Лицо Белецкого изменилось. Зашитые глаза и заваренные уши придавали его лицу значительность, в нем появилось нечто торжественно-средневековое. Это был другой человек, которого можно было сначала сжечь на костре, а потом изваять статую, положив к мраморным ногам цветы и фрукты.
Гость внимательно вгляделся в его фигуру. На всякий случай помахал перед глазами Белецкого рукой. Рудольф Валентинович на это даже бровью не повел, хотя почувствовал на щеках теплый ветер.
— Растлитель… Убийца… Кровосмеситель, — сказал на всякий случай экзекутор, но без былой энергии, тихо и безнадежно, даже не надеясь на то, что его услышат.
Хирург счастливо улыбнулся.
Ему было хорошо.
2Бирюзовое небо Орлеана исчезло, даже палевая желтизна, обычная для лета, куда-то растворилась и стерлась. Наверху висел свинец, холодная серость сводила с ума. Редкие пешеходы сливались с воздухом и были прозрачны. Большинство, наверное, знали об объявленном катаклизме и сидели тихо по своим норам, хотя они первые и должны были пасть.
Лидка бежала по пустой улице, рассекая лбом ветер. Никто, глядя сейчас на нее, не сказал бы, что эта женщина из конуры. Но откуда она, эта женщина, тоже бы никто не сказал, потому что если человек вышел из себя, то даже мудрец не скажет, откуда он вышел. Подвернула на ходу ногу и сломала каблук. Отбросила туфли в сторону, продолжив путь босиком, благо тротуар был пуст и никто не мог уличить ее в легкомысленности.

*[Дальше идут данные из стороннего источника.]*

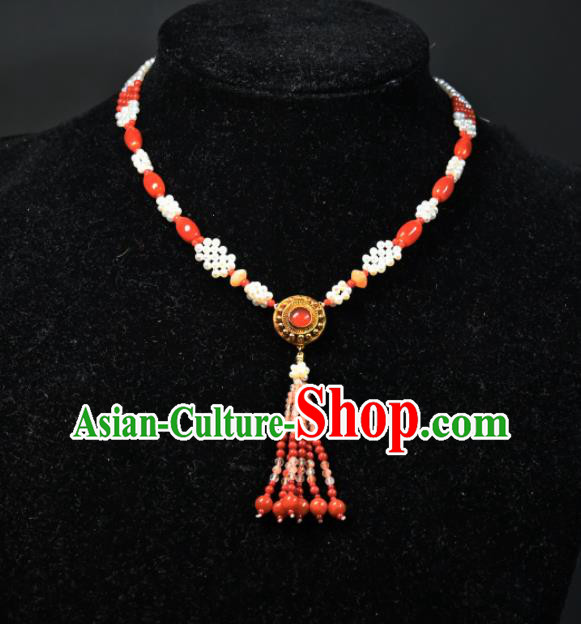 China Ancient Palace Lady Necklace Accessories Qing Dynasty Empress Necklet Handmade Pearls Jewelry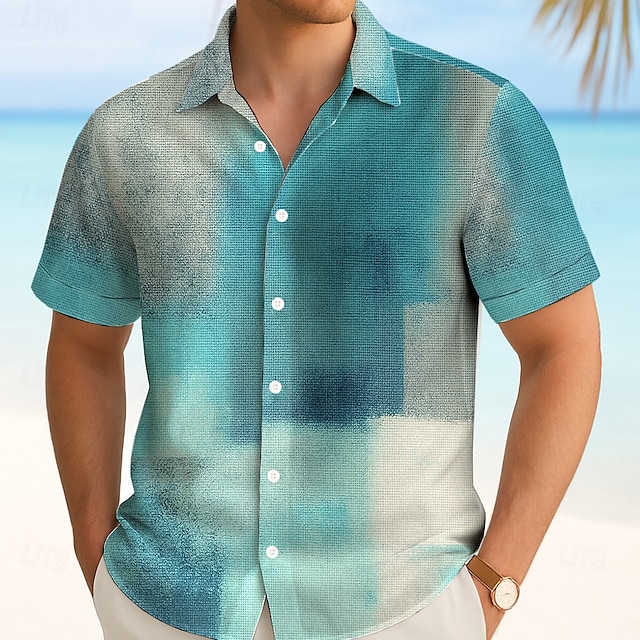  Voor heren Kleurenblok Verloop Overhemd Zomer overhemd Overhemd met knopen Korte mouw Mode-casual Buiten Vakantie Dagelijks gebruik Zomer Lente Strijkijzer 3D-afdrukken shirts met kraag blauw Oranje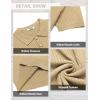 imageCOOFANDY Mens Knit Polo Shirts Short Sleeve Golf Shirts Button Down Casual Polo T Shirts Textured Slim Fit PulloverKhaki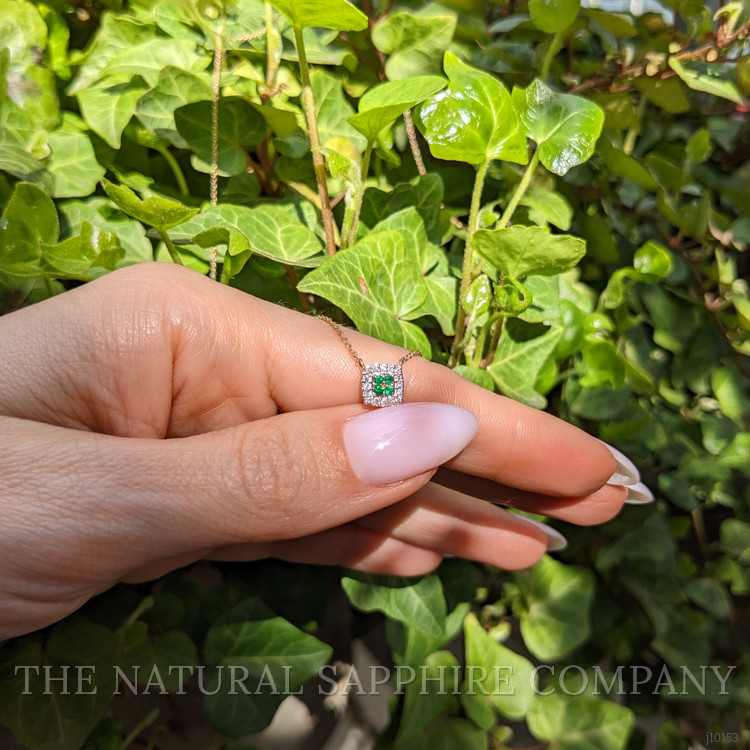 0.06 Ct. Emerald Natural Diamond Pave Necklace, 14K Yellow Gold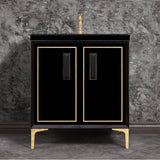 Linkasink - LINEA with 8'' Artisan Glass Prism Hardware 30'' Wide Vanity, Black, Polished Brass Hardware, 30'' x 22'' x 33.5'' (without vanity top) - Polished Brass with Black Prism Glass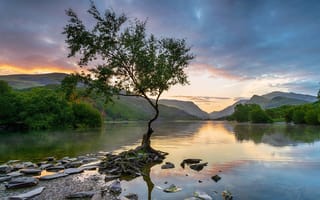 Картинка Озеро, Горизонт, Sunrise, Восход солнца, Snowdonia National Park, красота природы, Живописный пейзаж, Национальный парк Сноудония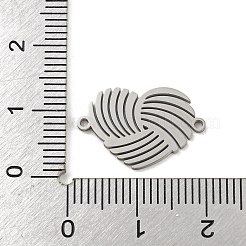 変色しない304ステンレススチールコネクタチャーム  ハート  ステンレス鋼色  12x18.5x1mm  穴：1.2mm&nbsp;STAS-P344-02P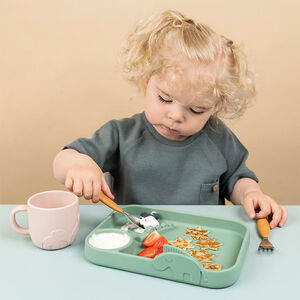 Lot de 3 couverts easy-grip Deer Friends moutarde 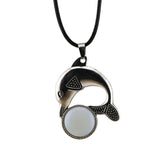 Bohemian Silver Marine Dolphin Cord Necklace • Cute Sea Animal Crystal Sphere Holder Pendant • Unisex Surf Coastal Beach Wear Jewelry Gift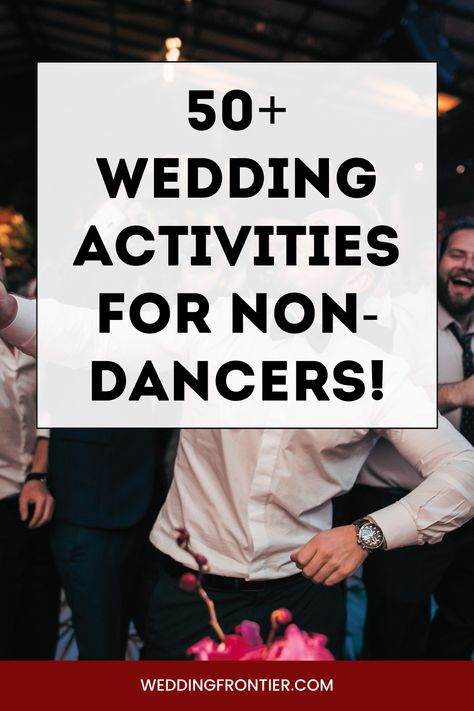 Engage and delight your wedding guests with a roster of over 50 alternative activities that don’t involve dancing. From laughter-inducing games to sweet, sentimental moments, craft a celebration like no other! #UniqueWedding #NoDanceRequired #WeddingActivities Wedding Games For Small Wedding, Games For A Wedding Reception, Games For Guests At Wedding, Fun Reception Ideas Entertainment Wedding Activities, Things To Do At Wedding Reception Fun, Cool Wedding Activities, Wedding After Party Games, Table Games For Wedding Reception, Wedding Reception Fun Activities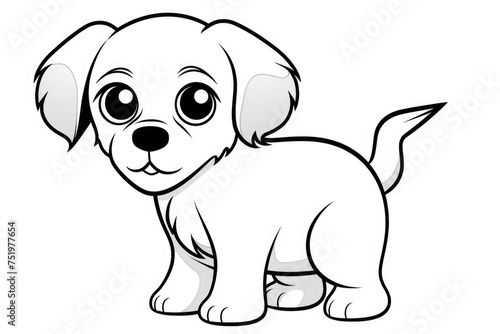 Simple coloring page of a puppy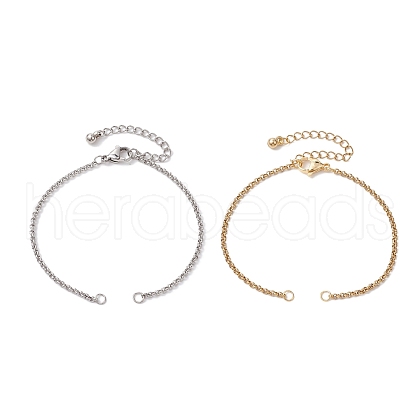2Pcs 2 Colors 304 Stainless Steel Slider Bracelet Makings AJEW-JB01279-1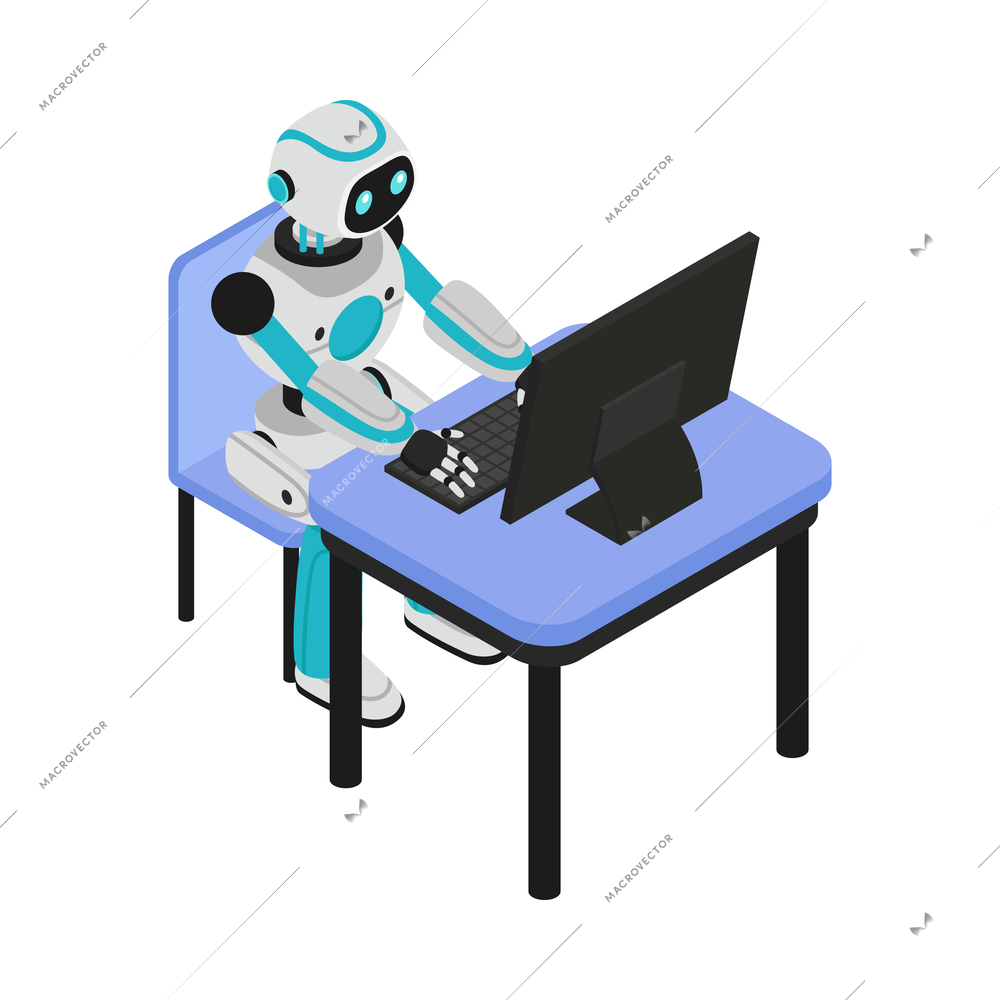 Isometric robotic process automation composition with character of robot working on laptop vector illustration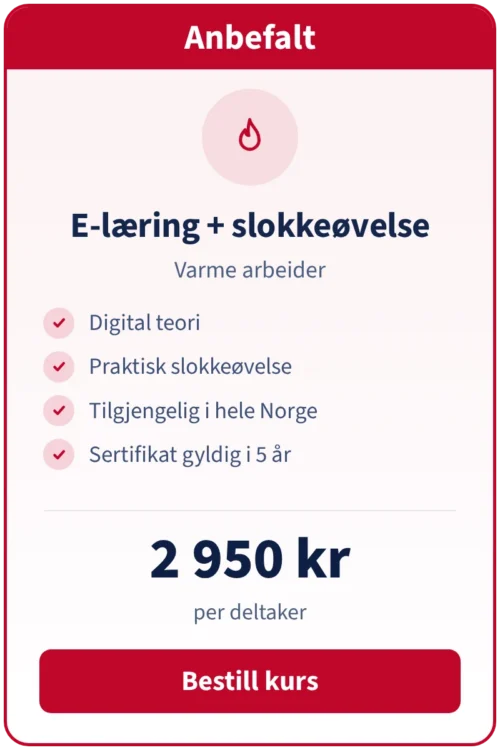 Varme arbeider e-læring med slokkeøvelse, 2 950 kr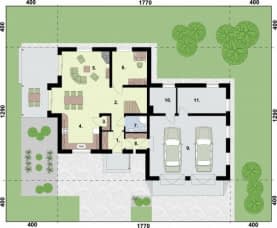 Rzut projektu VITORIA projekt domu mieszkalnego - Rzut przyziemia
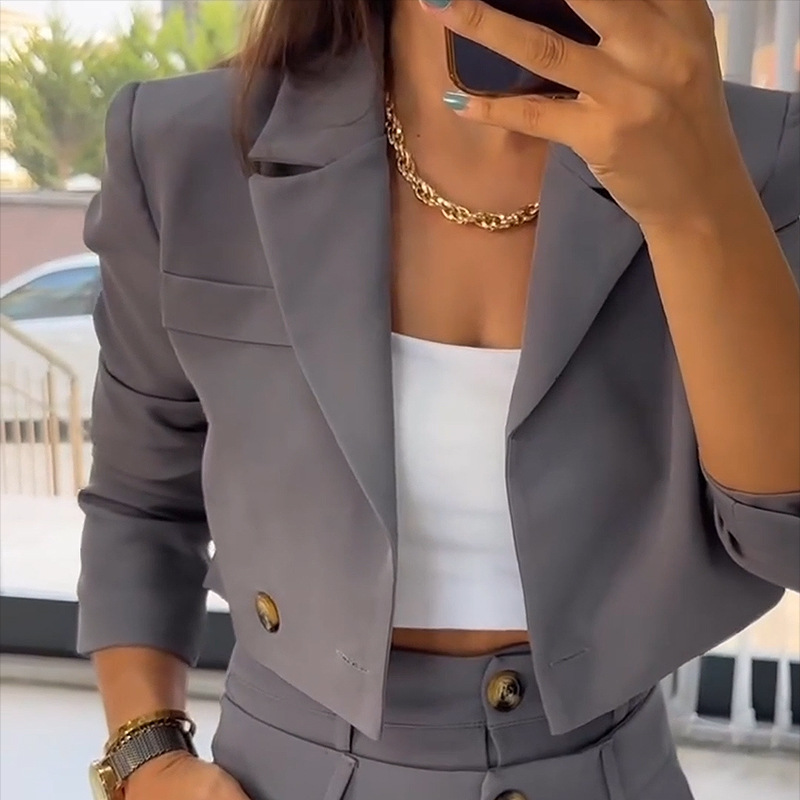 Casual High-Waisted Trousers Suit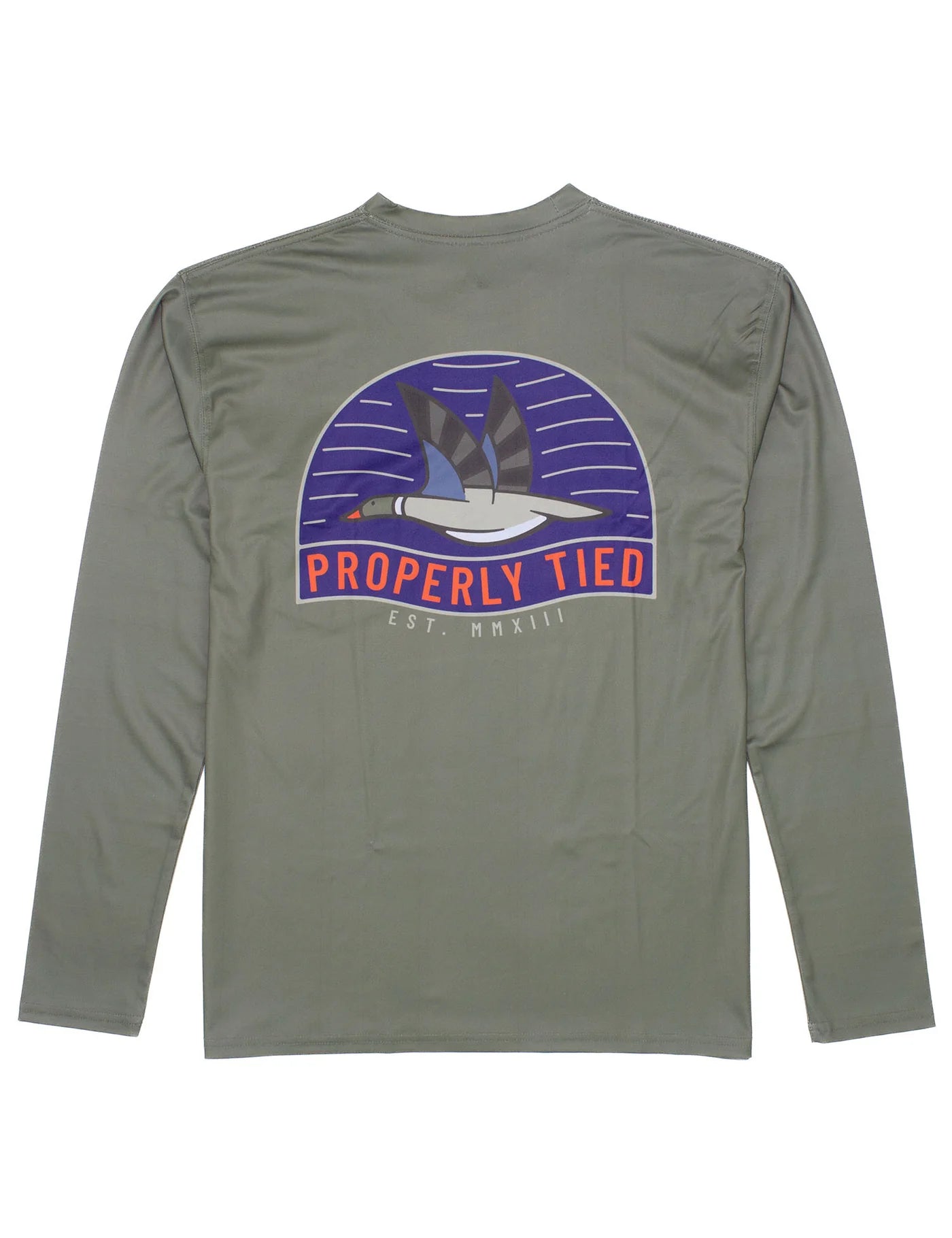 Olive Mallard Performance LS Tee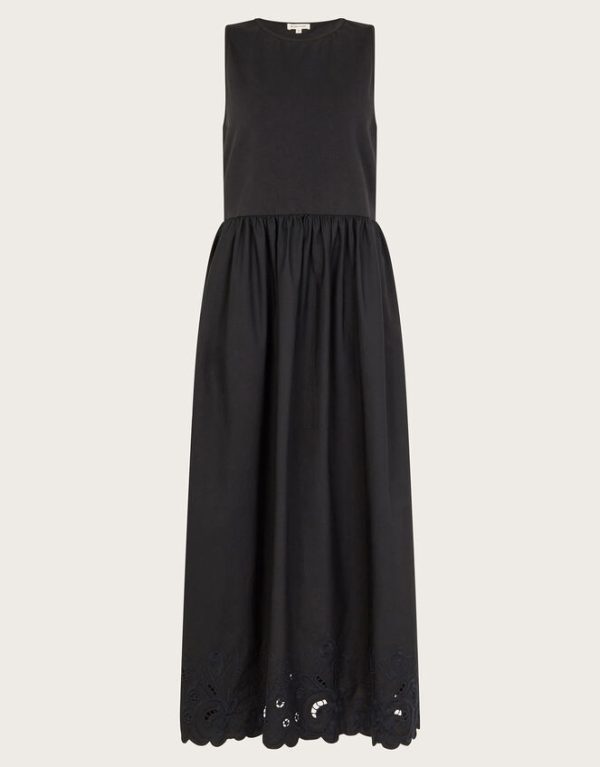 Monsoon Esme Embroidered Sleeveless Midi Dress Black - Image 5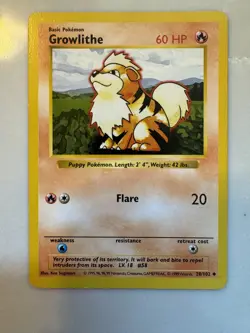 Growlithe 28/102 Pokemon TCG Base Set Shadowless Unlimited Regular Uncommon LP - Image 1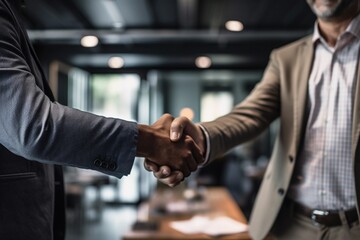 Office Etiquette: Mutual Respect Demonstrated Through A Handshake - obrazy, fototapety, plakaty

…На двери «Ворожеи» висела табличка: «Общая дезинфекция», трепетавшая на веревочке от порывов ветра, словно последний осенний лист.
Лидка подлезла под веревочку и вбежала опрометью в парикмахерскую с решимостью Жанны д’Арк.
Оба кресла были пусты. Зеркала отражали бессрочный отпуск. Один лишь Игорек стирал в раковине полотенце, заткнув слив пробкой и натирая ткань хозяйственным мылом, похожим на кусок размокшей глины. Он даже не включил электричества и в полутьме напоминал доброго гнома.
Лидка щелкнула выключателями, но лампы не зажглись.
Он поглядел на нее исподлобья, ничем не выдав радостного восторга.
Дериглазова постаралась двусмысленно улыбнуться в ответ, но вместо пассивного намека получилась какая-то побитая собака. Во всяком случае, ей самой так показалось.
— Ты ч-чего пришла? — спросил Игорь в темноте, демонстрируя проснувшегося в себе мужчину. — З-землетрясение объявили. Нельзя.
— А ты чего? — выдохнула она.
— А я ничего, — ответил Игорь.
— Что с электричеством?
— Н-нету во всем городе.
— Ладно, — сказала Лидка, тяжело дыша. — Темнота — тоже неплохо. В темноте кино показывают, ведь так?..
Поскольку она была не одна, а с неадекватным молодым человеком среднего рода, то заглянула инстинктивно в зеркало и попыталась себя оценить.
Там она увидела Белоснежку, которую кинули семь гномов.
Лидка поправила сбившуюся прядь волос. Обратила внимание, что Игорек старается на нее не смотреть.
Водопроводные трубы тихо гудели. Под потолком собирались облака страсти.
— Ты стирай, — приказала Лидка. — Нечего на меня пялиться.
Хотя он и не пялился.
Прошла в комнату отдыха. Легла на топчан, застеленный накрахмаленной простыней.
За окном скулил ветер. Стекла дрожали, как в железнодорожном вагоне. Пейзаж уезжал от комнаты, которая одна оставалась неподвижной.
Лидка закрыла глаза, о чем-то напряженно думая. Вдруг медленно раздвинула ноги.
Игорь в это время вытащил из воды полотенце и начал его отжимать.
— …Игорек! — услышал он вдруг голос, который снился ему по ночам. — Иди сюда скорее!
Его парализовало. Желание показаться мужчиной и страх им быть атаковали друг друга, уничтожив возможность физического движения. Пол сделался жидким и засосал его ноги по щиколотку. Раздвигая вязкий, словно болото, линолеум, Игорь с трудом вошел в комнату отдыха.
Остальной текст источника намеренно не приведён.